Islam menjunjung tinggi nilai keadilan untuk memajukan peradaban oleh ilmuwan, ulama, mubalig; dengan tujuan:
1. Menguatkan Literasi Konsep Beragama
Pertama, memperkuat literasi konsep beragama yang bersifat pokok dalam menanamkan nilai tauhid.
Sehingga keyakinan yang dianut umat beragama, tidak mudah tergoyahkan.
2. Memahami Konsep
Kedua, konsep ‘tuhan’ dari masing-masig agama, perlu dipahami.
Agar dapat membedakan konsep ‘Tuhan’ yang universal; dan sebaliknya, menghindari keyakinan bersifat sensitif.
Di satu sisi, tidak mengintervensi kayakinan agama lain, di sisi lain, meyakini masing-masing agama dengan prinsip ‘bagimu agamamu, bagiku agamaku’.
3. Menanamkan Pemahaman
Ketiga, menanamkan pemahaman agama bersifat pemurnian keyakinan masing-masing. Sehingga sinkretisme dapat dihilangkan.
4. UU PNPS 1/1965
Keempat, Indonesia mempunyai Undang-Undang PNPS Nomor 1 Tahun 1965 tentang Pencegahan Penyalahgunaan dan/atau Penodaan Agama.
Pasal 1 menyatakan:
[Setiap orang dilarang dengan sengaja di muka umum menceritakan, menganjurkan, atau mengusahakan dukungan umum, melakukan penafsiran tentang sesuatu agama yang dianut di Indonesia, atau melakukan kegiatan-kegiatan keagamaan yang menyerupai kegiatan-kegiatan keagamaan dari agama itu, penafsiran dan kegiatan mana menyimpang dari pokok-pokok agama itu].
5. Meneguhkan Nalar
Kelima, meneguhkan kembali nalar kehidupan beragama, berdasarkan akal sehat.
Dengan dasar, “Apakah kalian tidak memikirkan/merenungkan isi Al-Qur’an atau hati mereka terkunci,” (QS. Muhammad: 24).
Menghidupkan akal sehat dalam bingkai konstitusi merupakan kewajiban setiap warga, hingga pejabat negara.
Sebab, Indonesia adalah negara hukum. Ada konsekuensi bagi semua pihak mematuhi konstitusi.
Baca Juga:
Indonesia bukan negara agama, karena tidak menjadikan agama tertentu sebagai dasar negara.
Namun, Indonesia sebagai negara beragama, yakni mengakui banyak agama dan keyakinan berdasarkan UUD 1945.
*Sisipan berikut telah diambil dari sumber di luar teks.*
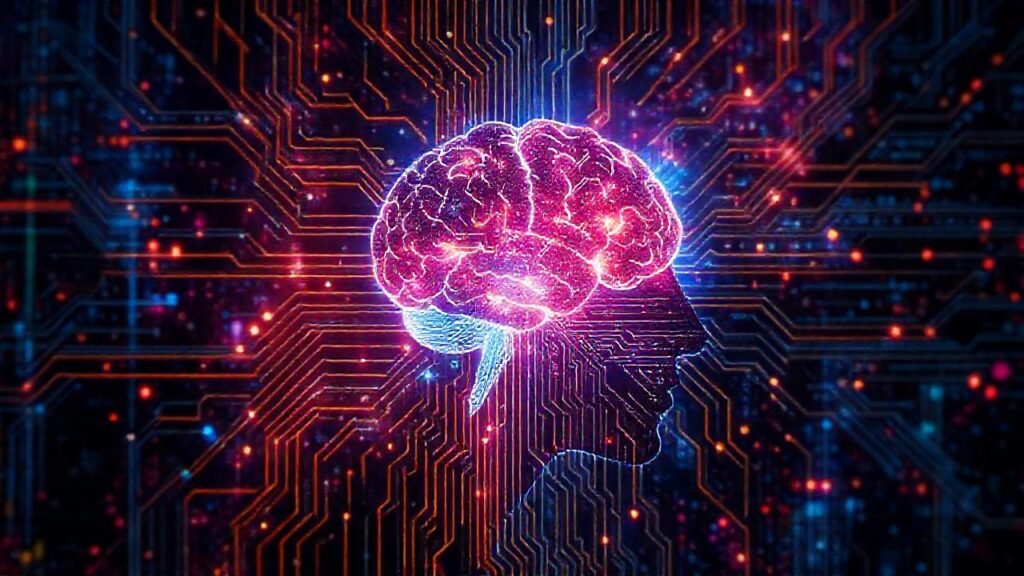 La tecnología libera la mente y el espíritu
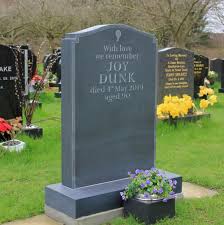 Don't forget numbers for dates. Headstones Gravestones Stone Memorial Plaques Artisan Memorials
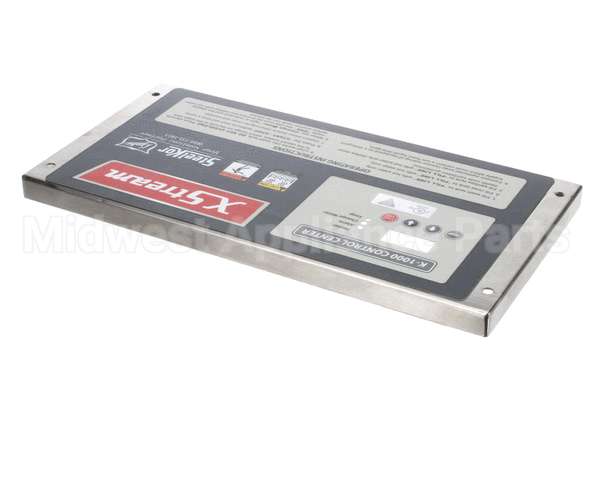 116698 Duke Assembly,K1000 Panel Box Cvr-Duke Ion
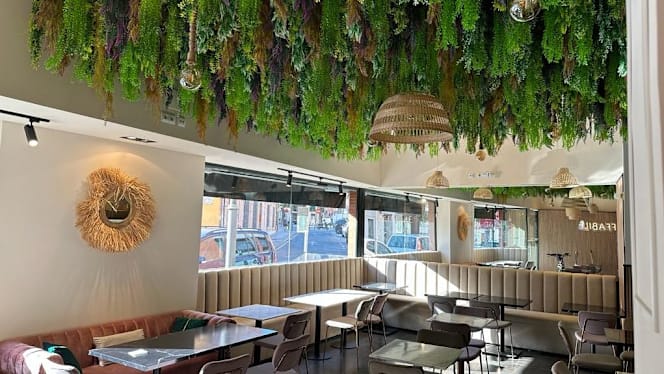 Ineffabile Móstoles - 6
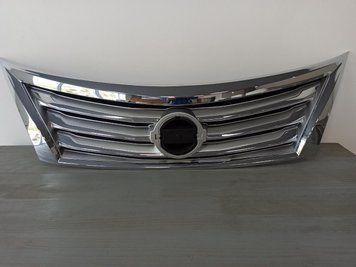Решетка радиатора Nissan Altima 2013 2014 2015 62310-3TA0A фото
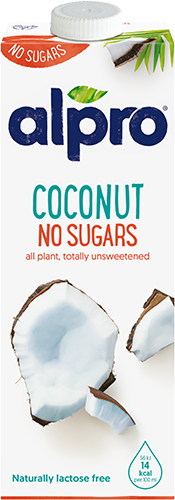 Alpro kokosowe niesłodzone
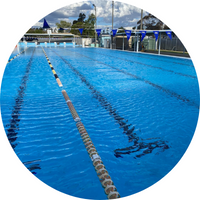 Oakey Aquatic Centre and Swim School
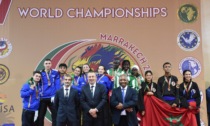 Campionato del Mondo di Qwan Ki Do, i prestigiosi traguardi dell'Asd Argentia di Gorgonzola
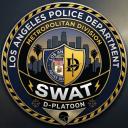 RC:RP LAPD SWAT Server HQ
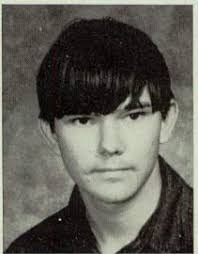 Roger Kevin Motter (1959-1983)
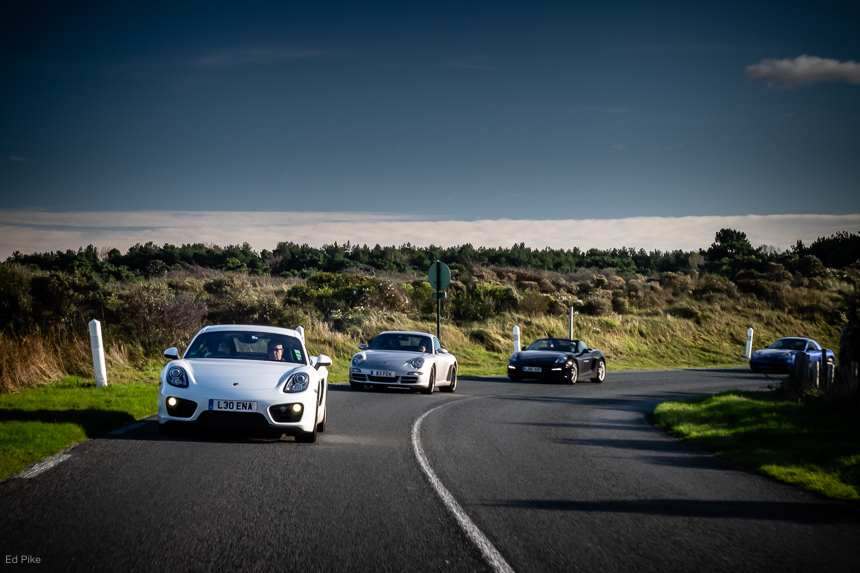 Photo 6 from the Autumn Break 2019 - Normandy Invasion - Day 3 gallery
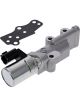 PAT Variable Camshaft Actuator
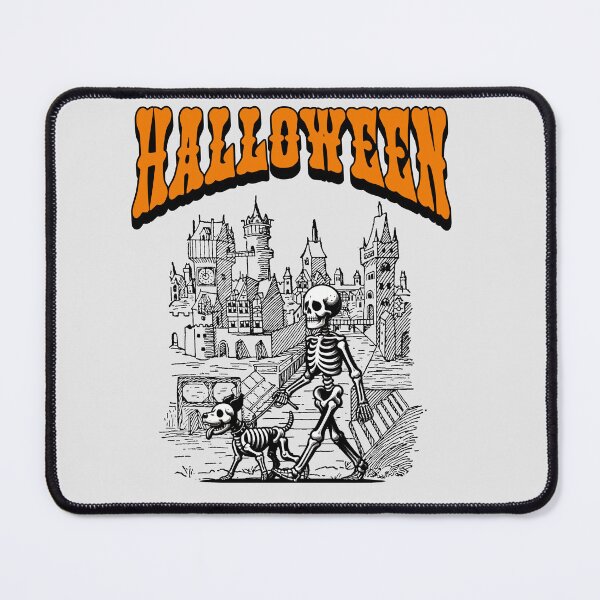 Item preview, HALLOWEEN! designed and sold by DESIGNMOL.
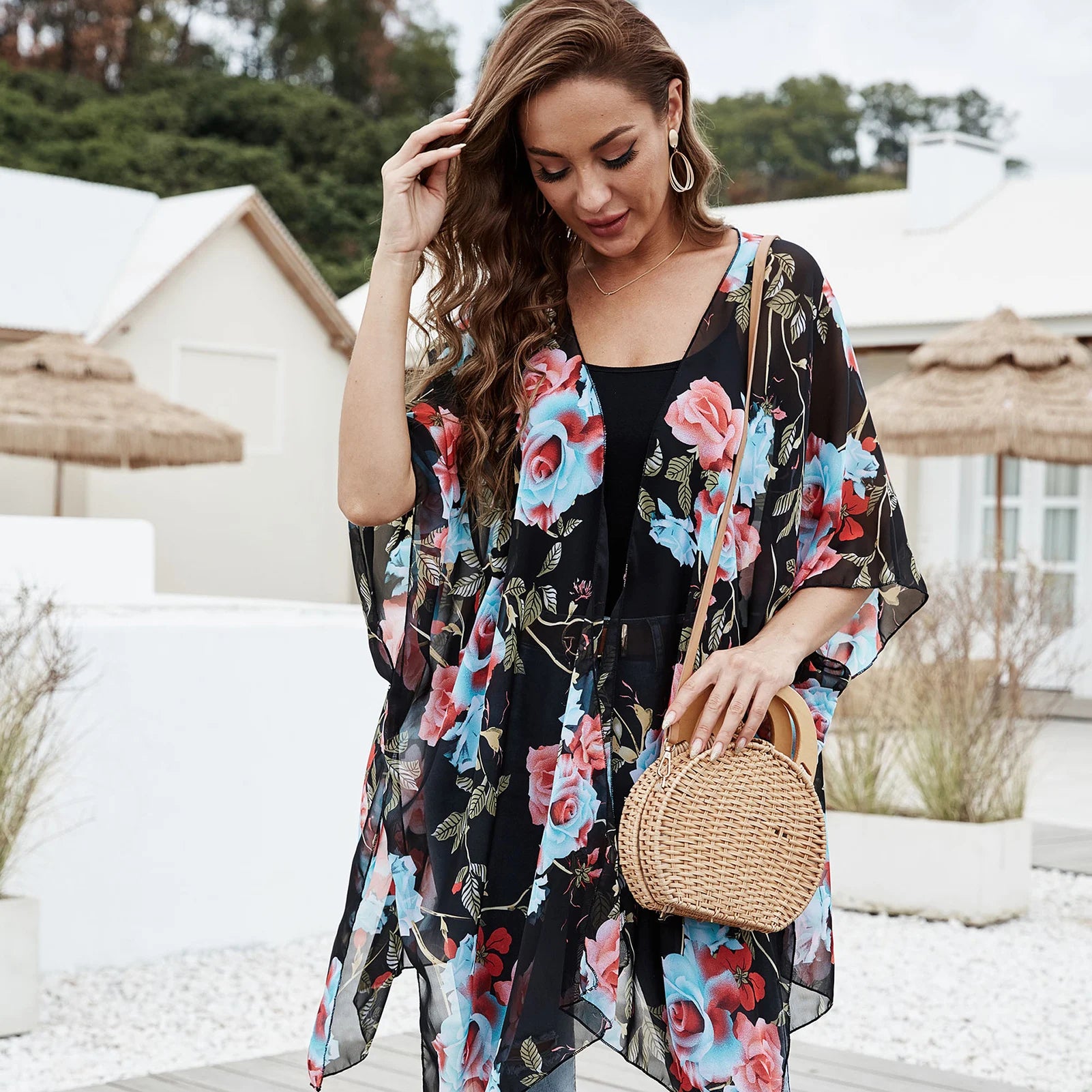 Marcelline Cardigan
Kehidupan beragama diatur konsitusi dengan memberikan ruang kepada pemeluk agama.
Bagi pemeluk agama, perlu paham beragama dalam konteks bernegara.
Sebab, negara menjamin dan memberikan kebebasan beragama, seperti ditegaskan UUD Pasal 29 ayat (2):
[Bahwa negara menjamin kemerdekaan tiap-tiap penduduk memeluk agamanya masing-masing dan beribadat menurut agamanya dan kepercayaannya itu].
Sebaliknya, adanya pandangan yang mengatakan agama melalui tokoh agama menjadi sumber kekacauan, merupakan pandangan naif dan penuh kebencian.
Sebab yang terjadi, meminjam ungkapan Wakil Presiden RI (2004-2009) dan (2014-2019) Jusuf Kalla:
“Yang menjadi sumber kekacauan di Tanah Air adalah para pendengung, maka harus ditertibkan aparat penegak hukum.”
Sejatinya, kehidupan beragama merupakan ikhtiar mewujudkan rasa aman, damai, sejahtera; berdasarkan keadilan.
Sebaliknya, kehidupan yang menimbulkan kekhawatiran, ketakutan; merupakan praktik yang bertentangan dengan akal sehat beragama.